§ YOUR GOAL
What is wanted is every line below from the one with "They're easy to" up to and including the one with "At the left", retyped exactly, pictures excluded, nothing else.
++++ INPUT
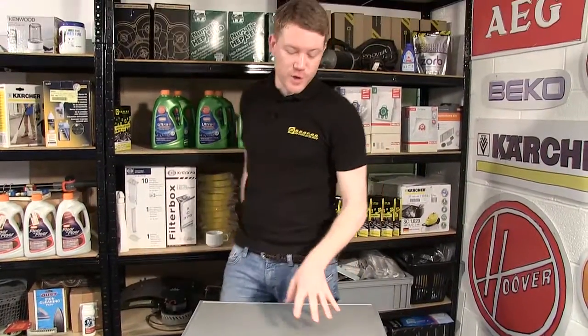So there we have it — one new circuit board fitted to this LG tumble dryer. Remember, all spares for tumble dryers and other appliances can be found on the eSpares.co.uk website. Thanks for watching.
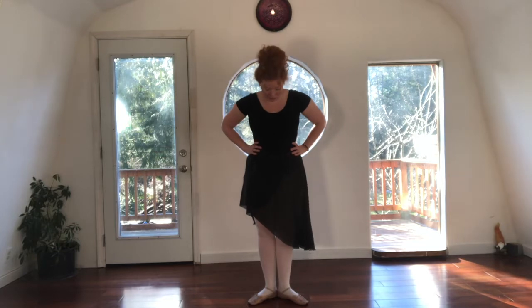Let's keep our hands on our hips for today. From your first position, heels together, toes wide. We'll shift your weight to one foot and zip the other foot all the way up the inside of your leg until you get to your knee, and then zip it back down again.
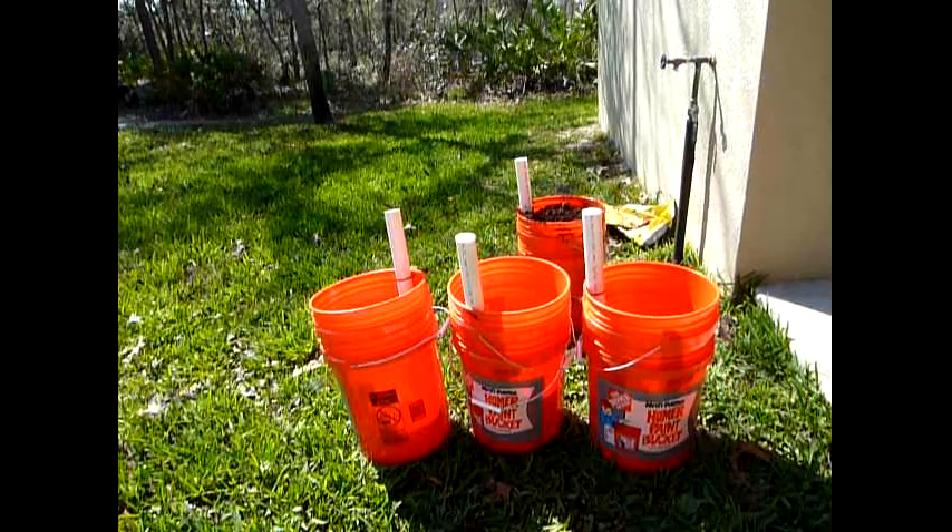All right everybody, hopefully the wind isn't too much. What I'm going to do today - I made these container buckets. I'm not sure if I showed them to you or not. I'm going to give you a little close-up in just a minute. But what we're going to be doing is actually planting this time.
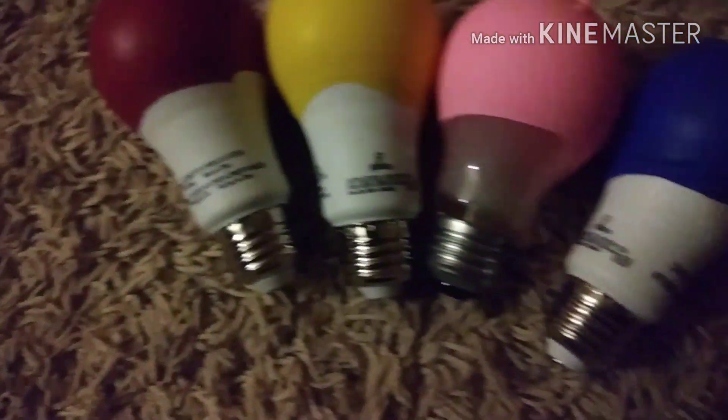Hey guys, welcome back to another video. My name is Gon Woodward aka Bonnie. So today guys, you're going to be learning how to make a DIY colored light bulb.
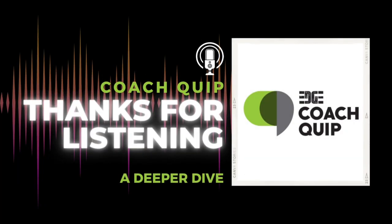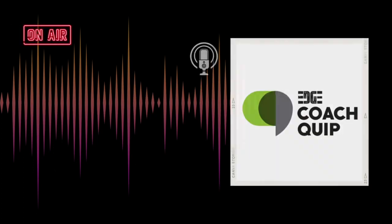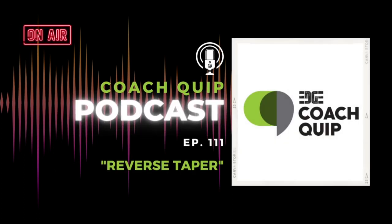Thanks for listening to Coach Quip. Original music performed by Mend. Follow us online on Instagram, Facebook, and Twitter at Edge Athlete Lounge. Our podcast lives in the blog section of our website. Don't forget to subscribe, rate, and review this podcast, and you can check out the show notes for additional ways to contact us. Ready, set, onward we go.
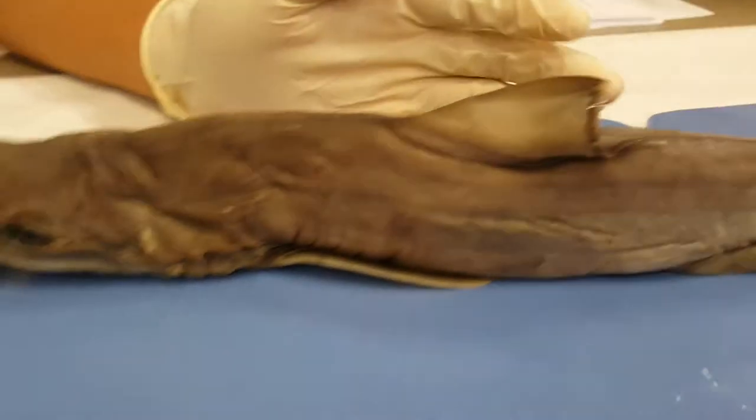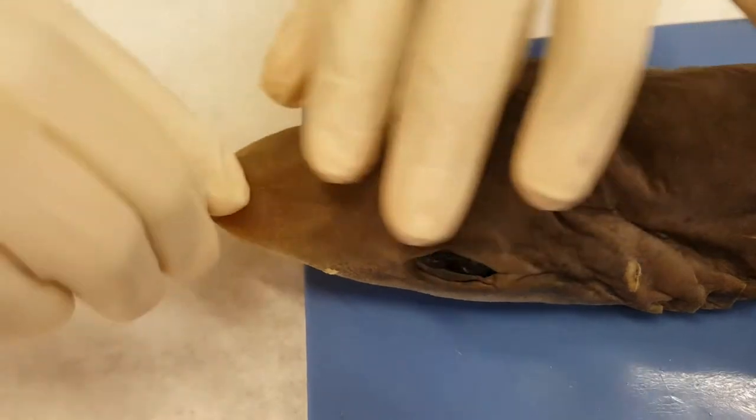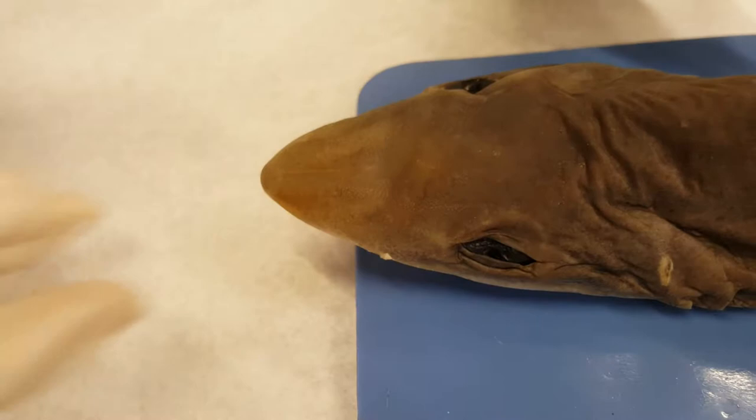After that we have the rostrum, which is basically the tip of the head — the nose. It's just to give it its figure.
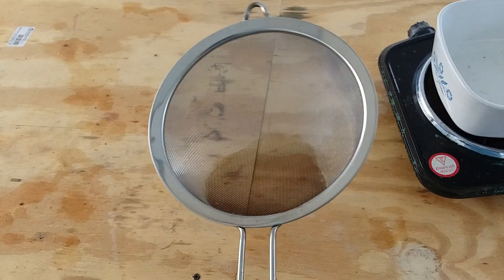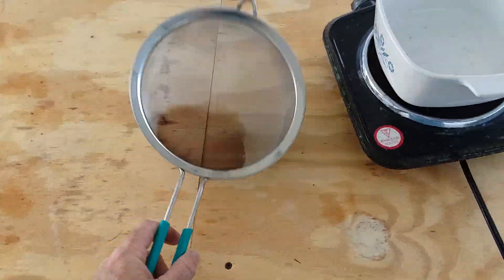The stainless steel in the sieve replaced some of the gold in solution, and the gold cemented out on the sieve. Every stinking bit of gold in that solution wound up on this sieve.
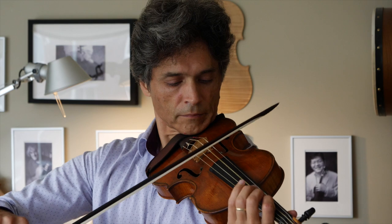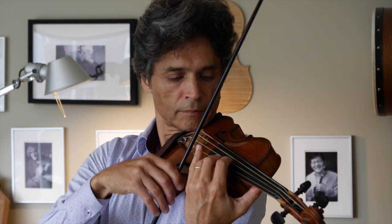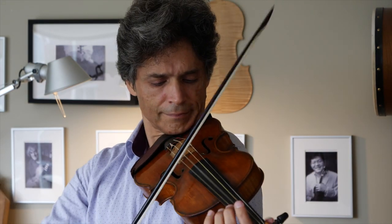I want to play a few notes for you. What a pleasure to play these instruments, absolutely beautiful. What do you think?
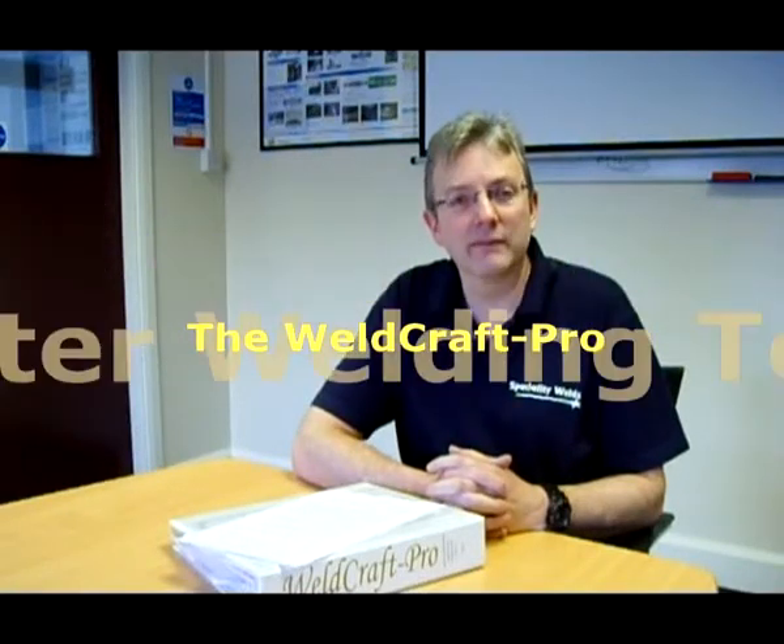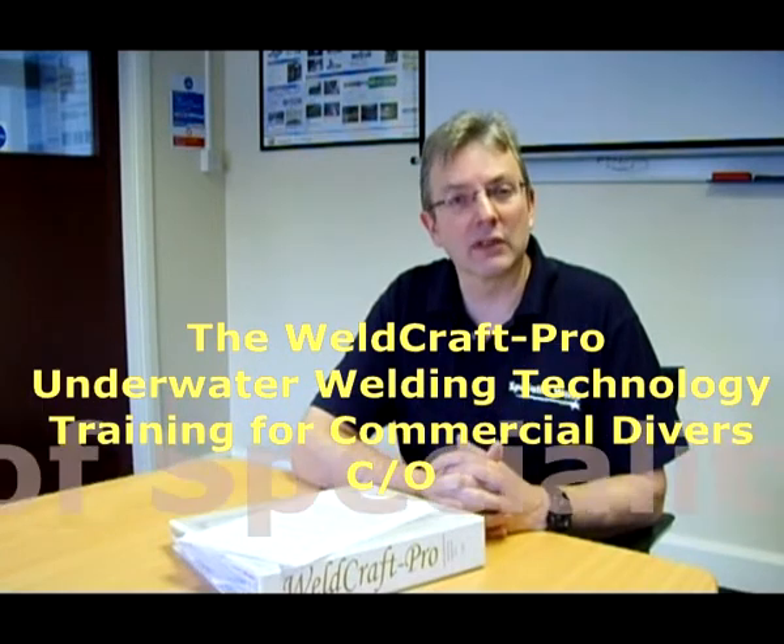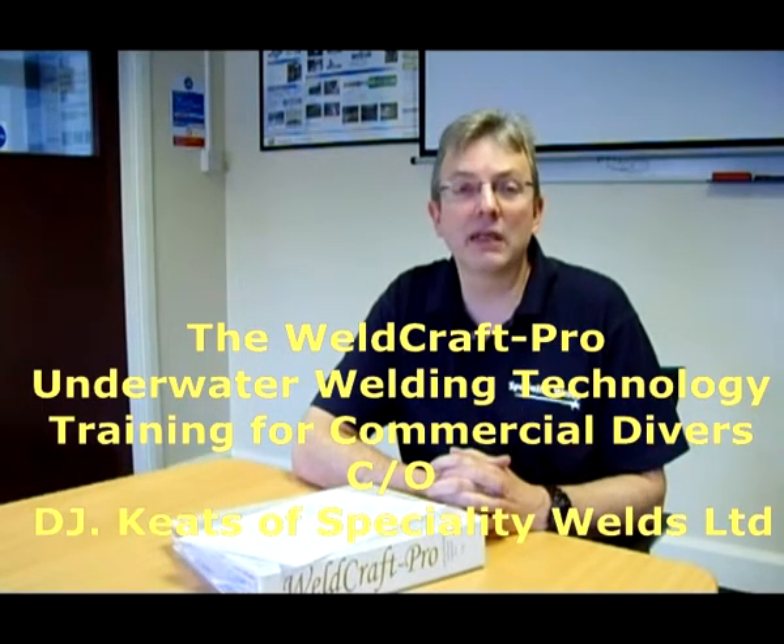Welcome to the Wellcraft Pro underwater welding technology training for commercial divers. My name is David Keats and I am the author of the program and the managing director of Speciality Welds.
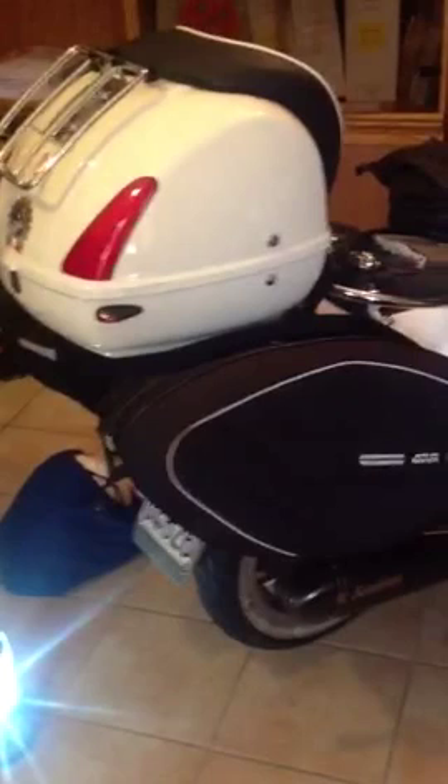I had no problem at all. It's now more than 10,000 km that I'm using this configuration and it's really, really good. One more thing I want to show you is a small modification that I did inside the top box.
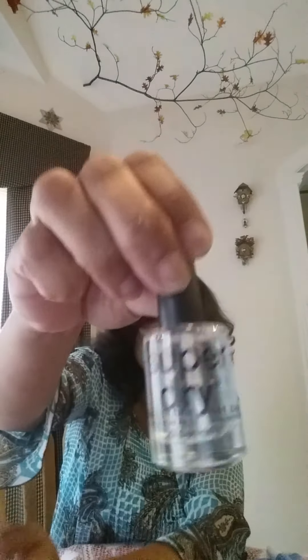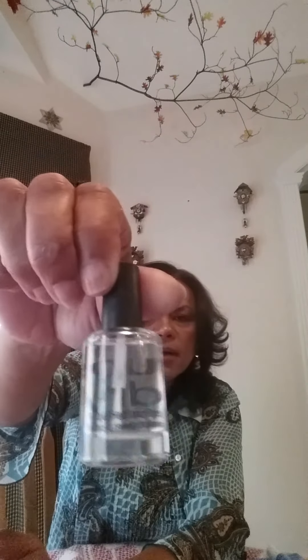I picked up this Super Dry polish. I like doing my nails but they get messed up before they dry, and this works pretty well for drying your nails. I like that and I would buy it again. I also got this base top coat by LA Colors, and I like that too for the nails.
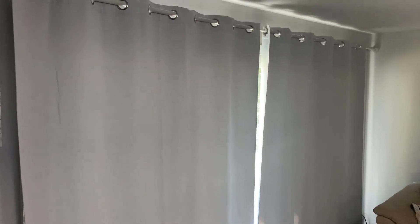They're easy to clean, easy to keep looking good, and they keep the light out. Hope this video helps and if you get them, enjoy.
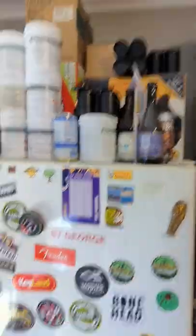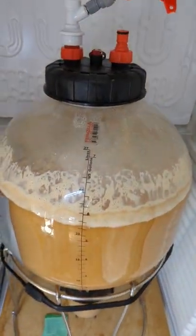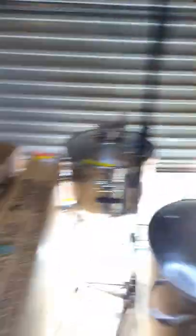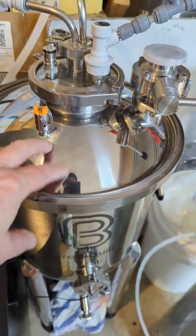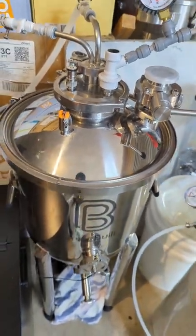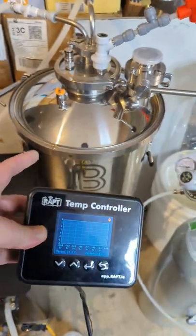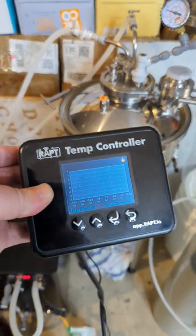On the other side of this wall is my fermenter fridge — there's a Pill in there and it's working perfectly. But behind me there's one in this fermenter, and the stainless is too thick and the signal's not getting to the router. What the Bluetooth update does is allow my Pill to talk to the temp controller here via Bluetooth.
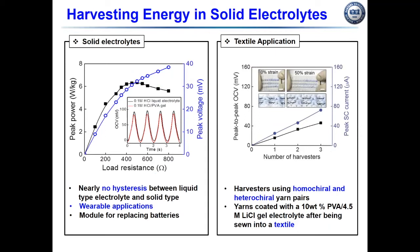At the left figure, we tested liquid electrolyte as well as gel electrolyte. There is nearly no hysteresis between liquid electrolyte and solid electrolyte, giving this a potential application in wearable technology. At the right figure, three of these homochilar and heterochilar yarns were stitched into a cotton glove and separately over-coated with PVA potassium chloride gel electrolyte. When connected in parallel and series at 50 percent strain, we measured open circuit voltage and peak short circuit current.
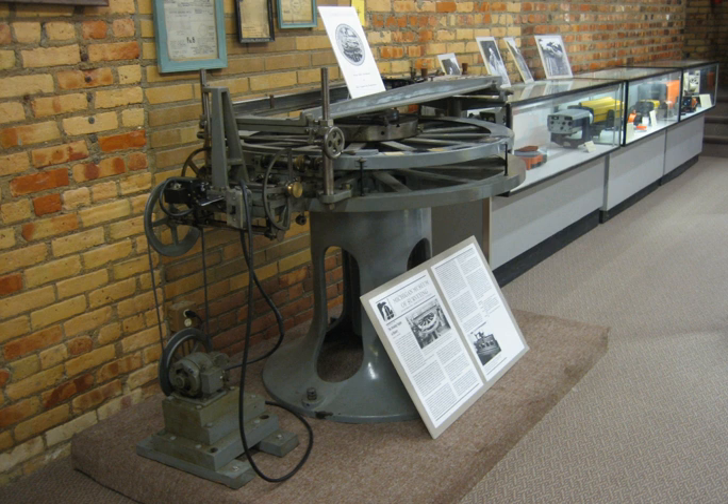There has always been a need for accurate measuring instruments. Whether it is a linear device such as a ruler or Vernier, or a circular device such as a protractor, astrolabe, sextant, theodolite, or setting circles for astronomical telescopes, the desire for ever greater precision has always existed.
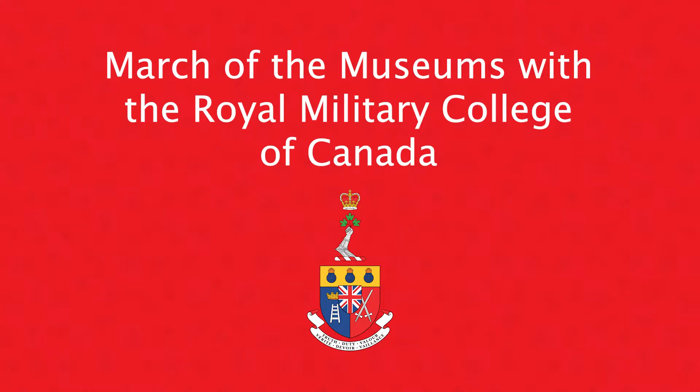Hi everyone! Welcome to March of the Museums with the Royal Military College Museum. I'm Lina, the curator at the RMC Museum. Today we're going to be making a coat of arms. A coat of arms is a collection of colorful pictures that represent the person, group, or organization that it was made for.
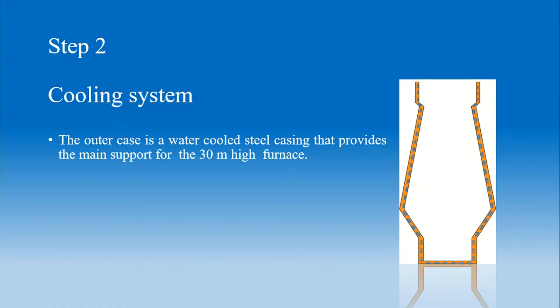Step 2: Cooling System. The cooling system is the most important aspect while running a furnace. The outer case of the furnace is a water-cooled casing, which prevents the furnace from overheating by maintaining its temperature. In this figure you can see that the water stream is continuously flowing through the casing, which protects the furnace.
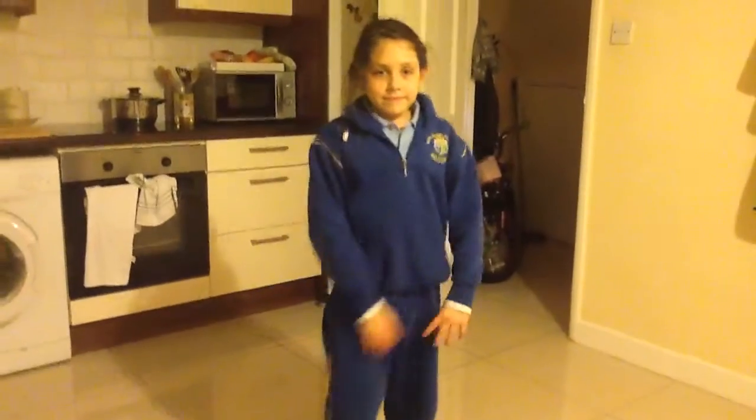Hey guys, welcome to today's video. Today we'll be doing how to do the splits. Let's get started.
++++++++
§ RESPONSE TO THIS TASK
They're easy to clean, easy to keep looking good, and they keep the light out. Hope this video helps and if you get them, enjoy.
On the other side of this wall is my fermenter fridge — there's a Pill in there and it's working perfectly. But behind me there's one in this fermenter, and the stainless is too thick and the signal's not getting to the router. What the Bluetooth update does is allow my Pill to talk to the temp controller here via Bluetooth.
At the left figure, we tested liquid electrolyte as well as gel electrolyte. There is nearly no hysteresis between liquid electrolyte and solid electrolyte, giving this a potential application in wearable technology. At the right figure, three of these homochilar and heterochilar yarns were stitched into a cotton glove and separately over-coated with PVA potassium chloride gel electrolyte. When connected in parallel and series at 50 percent strain, we measured open circuit voltage and peak short circuit current.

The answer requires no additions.